HOW TO COMPLETE THIS TASK:
The word "Apartment" occurs in some of the lines below; copy each of those lines.
Start of DATA FOR THE TASK
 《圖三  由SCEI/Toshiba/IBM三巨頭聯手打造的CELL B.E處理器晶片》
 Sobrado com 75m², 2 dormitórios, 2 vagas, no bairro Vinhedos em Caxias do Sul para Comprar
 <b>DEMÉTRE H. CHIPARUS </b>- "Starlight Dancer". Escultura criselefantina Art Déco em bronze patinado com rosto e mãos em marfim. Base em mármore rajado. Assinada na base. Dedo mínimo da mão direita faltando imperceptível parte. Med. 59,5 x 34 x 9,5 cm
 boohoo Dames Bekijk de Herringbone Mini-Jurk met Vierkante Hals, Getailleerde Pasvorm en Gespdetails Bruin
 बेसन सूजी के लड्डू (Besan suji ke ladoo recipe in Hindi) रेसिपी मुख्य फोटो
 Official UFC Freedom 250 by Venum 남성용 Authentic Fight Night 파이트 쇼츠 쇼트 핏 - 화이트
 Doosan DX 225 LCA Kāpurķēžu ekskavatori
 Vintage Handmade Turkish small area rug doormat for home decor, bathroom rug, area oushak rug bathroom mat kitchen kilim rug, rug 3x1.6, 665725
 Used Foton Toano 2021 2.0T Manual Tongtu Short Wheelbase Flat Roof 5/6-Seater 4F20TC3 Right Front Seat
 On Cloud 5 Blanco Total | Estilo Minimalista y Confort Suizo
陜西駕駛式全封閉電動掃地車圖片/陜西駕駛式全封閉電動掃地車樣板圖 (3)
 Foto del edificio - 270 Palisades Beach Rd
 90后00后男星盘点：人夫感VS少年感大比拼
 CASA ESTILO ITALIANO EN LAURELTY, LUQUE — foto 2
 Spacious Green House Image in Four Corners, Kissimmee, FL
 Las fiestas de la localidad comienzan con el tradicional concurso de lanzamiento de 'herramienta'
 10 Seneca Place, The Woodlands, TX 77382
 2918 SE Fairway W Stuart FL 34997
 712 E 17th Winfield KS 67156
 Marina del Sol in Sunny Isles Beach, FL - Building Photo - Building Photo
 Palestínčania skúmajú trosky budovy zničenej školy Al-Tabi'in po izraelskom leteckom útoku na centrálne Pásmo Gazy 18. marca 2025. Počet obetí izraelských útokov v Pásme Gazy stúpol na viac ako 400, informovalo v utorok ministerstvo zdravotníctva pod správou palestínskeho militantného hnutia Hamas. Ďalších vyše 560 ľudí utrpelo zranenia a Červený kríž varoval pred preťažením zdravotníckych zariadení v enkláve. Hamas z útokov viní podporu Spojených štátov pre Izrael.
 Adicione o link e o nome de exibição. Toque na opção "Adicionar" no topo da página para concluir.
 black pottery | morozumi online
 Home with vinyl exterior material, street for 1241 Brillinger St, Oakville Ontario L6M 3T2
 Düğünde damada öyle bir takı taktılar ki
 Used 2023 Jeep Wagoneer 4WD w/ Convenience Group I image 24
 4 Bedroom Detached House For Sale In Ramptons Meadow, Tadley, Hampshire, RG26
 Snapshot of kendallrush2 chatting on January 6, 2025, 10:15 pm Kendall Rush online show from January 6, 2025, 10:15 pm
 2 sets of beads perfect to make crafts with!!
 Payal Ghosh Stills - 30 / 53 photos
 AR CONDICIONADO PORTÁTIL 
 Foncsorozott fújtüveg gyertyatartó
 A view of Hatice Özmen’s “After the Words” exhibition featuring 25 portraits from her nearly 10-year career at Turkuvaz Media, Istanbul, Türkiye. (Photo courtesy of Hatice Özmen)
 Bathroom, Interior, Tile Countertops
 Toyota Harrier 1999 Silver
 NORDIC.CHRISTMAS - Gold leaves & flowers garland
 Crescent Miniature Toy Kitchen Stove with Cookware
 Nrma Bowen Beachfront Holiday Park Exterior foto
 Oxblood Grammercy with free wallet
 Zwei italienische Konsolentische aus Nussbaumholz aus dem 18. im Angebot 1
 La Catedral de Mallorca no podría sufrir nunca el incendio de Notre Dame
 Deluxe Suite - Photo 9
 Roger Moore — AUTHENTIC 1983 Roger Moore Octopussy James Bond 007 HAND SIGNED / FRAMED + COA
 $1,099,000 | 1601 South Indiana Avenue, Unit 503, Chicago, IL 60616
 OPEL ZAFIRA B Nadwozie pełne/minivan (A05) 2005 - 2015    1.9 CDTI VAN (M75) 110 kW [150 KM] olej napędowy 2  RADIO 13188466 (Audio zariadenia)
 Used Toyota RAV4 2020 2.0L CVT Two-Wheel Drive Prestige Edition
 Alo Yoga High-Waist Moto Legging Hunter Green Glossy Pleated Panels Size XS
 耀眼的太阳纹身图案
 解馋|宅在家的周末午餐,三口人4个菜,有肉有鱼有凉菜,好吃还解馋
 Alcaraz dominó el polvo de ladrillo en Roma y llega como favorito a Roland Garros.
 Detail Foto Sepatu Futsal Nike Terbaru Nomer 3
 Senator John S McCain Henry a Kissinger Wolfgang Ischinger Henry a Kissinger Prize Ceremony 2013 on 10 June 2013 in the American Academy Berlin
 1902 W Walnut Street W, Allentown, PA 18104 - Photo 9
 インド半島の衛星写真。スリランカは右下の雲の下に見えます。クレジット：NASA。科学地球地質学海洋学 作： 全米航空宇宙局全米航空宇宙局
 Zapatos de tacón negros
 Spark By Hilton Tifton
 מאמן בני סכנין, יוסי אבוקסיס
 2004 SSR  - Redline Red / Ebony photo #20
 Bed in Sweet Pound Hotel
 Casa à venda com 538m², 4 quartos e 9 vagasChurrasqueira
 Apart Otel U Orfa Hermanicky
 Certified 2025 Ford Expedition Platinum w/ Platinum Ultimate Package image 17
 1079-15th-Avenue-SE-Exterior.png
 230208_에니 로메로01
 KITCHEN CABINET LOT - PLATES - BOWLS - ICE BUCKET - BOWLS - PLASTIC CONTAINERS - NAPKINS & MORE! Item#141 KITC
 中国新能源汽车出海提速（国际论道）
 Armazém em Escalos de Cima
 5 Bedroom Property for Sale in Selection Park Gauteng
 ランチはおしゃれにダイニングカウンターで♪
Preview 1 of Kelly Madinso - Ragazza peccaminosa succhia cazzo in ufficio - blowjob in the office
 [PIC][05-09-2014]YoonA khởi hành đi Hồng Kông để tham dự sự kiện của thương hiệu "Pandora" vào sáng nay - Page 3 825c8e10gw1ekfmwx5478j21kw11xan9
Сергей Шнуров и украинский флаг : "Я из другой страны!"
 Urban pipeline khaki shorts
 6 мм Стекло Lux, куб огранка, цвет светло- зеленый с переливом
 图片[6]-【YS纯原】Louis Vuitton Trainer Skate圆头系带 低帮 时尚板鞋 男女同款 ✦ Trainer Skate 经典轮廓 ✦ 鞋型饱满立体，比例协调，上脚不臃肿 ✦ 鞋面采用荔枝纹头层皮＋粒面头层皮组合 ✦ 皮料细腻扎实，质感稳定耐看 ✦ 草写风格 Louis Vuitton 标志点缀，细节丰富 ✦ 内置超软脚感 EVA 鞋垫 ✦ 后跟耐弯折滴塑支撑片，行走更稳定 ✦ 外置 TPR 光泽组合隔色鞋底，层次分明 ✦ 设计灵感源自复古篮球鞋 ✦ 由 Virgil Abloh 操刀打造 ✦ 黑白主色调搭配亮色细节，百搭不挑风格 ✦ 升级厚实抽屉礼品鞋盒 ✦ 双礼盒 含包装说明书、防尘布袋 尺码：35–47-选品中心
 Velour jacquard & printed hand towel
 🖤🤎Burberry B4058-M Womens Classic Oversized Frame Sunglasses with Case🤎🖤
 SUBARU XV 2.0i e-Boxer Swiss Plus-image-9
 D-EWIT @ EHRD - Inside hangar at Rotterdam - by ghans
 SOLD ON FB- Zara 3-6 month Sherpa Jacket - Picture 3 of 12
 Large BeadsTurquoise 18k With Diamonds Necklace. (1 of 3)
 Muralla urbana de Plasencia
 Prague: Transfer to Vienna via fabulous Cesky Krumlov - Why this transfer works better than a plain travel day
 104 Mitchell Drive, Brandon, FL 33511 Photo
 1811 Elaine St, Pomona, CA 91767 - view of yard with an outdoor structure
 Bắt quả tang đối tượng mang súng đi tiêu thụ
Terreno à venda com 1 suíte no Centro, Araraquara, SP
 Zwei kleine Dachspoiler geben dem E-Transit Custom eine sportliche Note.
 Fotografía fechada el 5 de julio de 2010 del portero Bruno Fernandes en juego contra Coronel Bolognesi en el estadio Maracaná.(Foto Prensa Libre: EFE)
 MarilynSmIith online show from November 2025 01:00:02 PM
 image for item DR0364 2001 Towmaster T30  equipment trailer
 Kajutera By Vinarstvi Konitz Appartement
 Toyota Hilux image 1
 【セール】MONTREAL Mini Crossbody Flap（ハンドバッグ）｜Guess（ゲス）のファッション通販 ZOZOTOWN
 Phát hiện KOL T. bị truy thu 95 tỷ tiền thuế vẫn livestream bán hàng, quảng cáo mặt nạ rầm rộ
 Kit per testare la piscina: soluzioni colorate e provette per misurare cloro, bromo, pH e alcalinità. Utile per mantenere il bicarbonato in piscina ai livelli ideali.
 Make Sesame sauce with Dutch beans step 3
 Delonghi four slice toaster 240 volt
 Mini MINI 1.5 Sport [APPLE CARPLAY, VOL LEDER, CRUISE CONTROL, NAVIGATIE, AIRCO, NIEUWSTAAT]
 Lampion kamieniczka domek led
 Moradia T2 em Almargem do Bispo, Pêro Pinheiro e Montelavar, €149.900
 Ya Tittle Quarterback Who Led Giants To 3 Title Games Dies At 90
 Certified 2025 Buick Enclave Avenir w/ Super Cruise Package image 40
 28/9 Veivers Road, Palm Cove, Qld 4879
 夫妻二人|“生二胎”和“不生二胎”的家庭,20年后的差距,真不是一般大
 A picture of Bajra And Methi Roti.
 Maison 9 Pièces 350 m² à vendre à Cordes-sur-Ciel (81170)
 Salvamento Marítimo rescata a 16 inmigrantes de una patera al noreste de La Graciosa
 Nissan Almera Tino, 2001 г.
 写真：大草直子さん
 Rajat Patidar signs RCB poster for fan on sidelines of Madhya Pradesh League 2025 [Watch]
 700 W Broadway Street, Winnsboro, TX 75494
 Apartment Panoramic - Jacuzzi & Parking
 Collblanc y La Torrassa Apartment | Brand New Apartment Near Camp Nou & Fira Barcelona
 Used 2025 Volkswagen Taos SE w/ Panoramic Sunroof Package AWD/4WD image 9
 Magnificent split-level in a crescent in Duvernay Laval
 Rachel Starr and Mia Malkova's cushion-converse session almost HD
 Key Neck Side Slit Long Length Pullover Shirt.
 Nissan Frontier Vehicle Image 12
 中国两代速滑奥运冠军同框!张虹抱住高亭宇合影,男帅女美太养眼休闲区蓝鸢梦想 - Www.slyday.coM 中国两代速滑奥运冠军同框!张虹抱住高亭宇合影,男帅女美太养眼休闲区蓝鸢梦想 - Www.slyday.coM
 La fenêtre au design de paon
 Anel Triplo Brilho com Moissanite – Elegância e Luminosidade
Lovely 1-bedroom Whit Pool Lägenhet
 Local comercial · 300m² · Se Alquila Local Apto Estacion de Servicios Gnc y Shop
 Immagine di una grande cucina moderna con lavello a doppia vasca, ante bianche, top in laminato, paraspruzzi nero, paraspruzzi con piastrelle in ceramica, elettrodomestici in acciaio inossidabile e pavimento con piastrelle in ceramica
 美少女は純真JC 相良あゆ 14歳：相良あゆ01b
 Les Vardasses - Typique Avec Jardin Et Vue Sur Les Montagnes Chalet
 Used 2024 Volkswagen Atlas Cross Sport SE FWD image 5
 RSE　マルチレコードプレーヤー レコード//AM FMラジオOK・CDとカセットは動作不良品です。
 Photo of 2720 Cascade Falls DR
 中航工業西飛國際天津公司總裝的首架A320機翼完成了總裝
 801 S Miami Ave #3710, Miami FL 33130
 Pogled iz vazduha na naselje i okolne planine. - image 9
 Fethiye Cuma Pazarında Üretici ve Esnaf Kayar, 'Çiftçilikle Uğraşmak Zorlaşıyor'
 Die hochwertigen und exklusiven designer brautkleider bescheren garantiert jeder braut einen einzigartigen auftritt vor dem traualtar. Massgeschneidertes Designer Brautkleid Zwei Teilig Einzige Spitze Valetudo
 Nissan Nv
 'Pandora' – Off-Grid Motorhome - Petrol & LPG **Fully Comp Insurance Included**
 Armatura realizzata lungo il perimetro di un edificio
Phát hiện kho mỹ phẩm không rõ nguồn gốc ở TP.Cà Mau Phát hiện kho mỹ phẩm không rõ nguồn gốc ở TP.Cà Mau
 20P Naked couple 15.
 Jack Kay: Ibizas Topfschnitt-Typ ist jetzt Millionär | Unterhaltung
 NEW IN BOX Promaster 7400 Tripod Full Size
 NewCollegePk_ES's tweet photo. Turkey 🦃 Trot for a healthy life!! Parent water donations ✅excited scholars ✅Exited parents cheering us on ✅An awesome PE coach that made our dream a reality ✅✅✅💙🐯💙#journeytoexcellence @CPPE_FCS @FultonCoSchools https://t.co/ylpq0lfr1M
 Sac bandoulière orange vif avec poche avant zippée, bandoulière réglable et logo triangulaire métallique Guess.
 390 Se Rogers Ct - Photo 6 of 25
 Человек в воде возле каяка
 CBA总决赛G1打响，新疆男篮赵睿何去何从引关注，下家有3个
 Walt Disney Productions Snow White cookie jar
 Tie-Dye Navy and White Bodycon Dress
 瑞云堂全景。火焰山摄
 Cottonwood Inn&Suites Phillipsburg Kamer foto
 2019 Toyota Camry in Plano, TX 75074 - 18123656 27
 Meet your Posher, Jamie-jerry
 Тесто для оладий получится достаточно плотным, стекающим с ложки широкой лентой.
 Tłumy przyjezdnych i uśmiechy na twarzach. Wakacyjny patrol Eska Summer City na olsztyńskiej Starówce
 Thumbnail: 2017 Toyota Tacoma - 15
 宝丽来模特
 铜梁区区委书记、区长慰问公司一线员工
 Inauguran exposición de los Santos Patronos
End of DATA FOR THE TASK
EXERCISE OUTPUT:
 Apartment Panoramic - Jacuzzi & Parking
 Collblanc y La Torrassa Apartment | Brand New Apartment Near Camp Nou & Fira Barcelona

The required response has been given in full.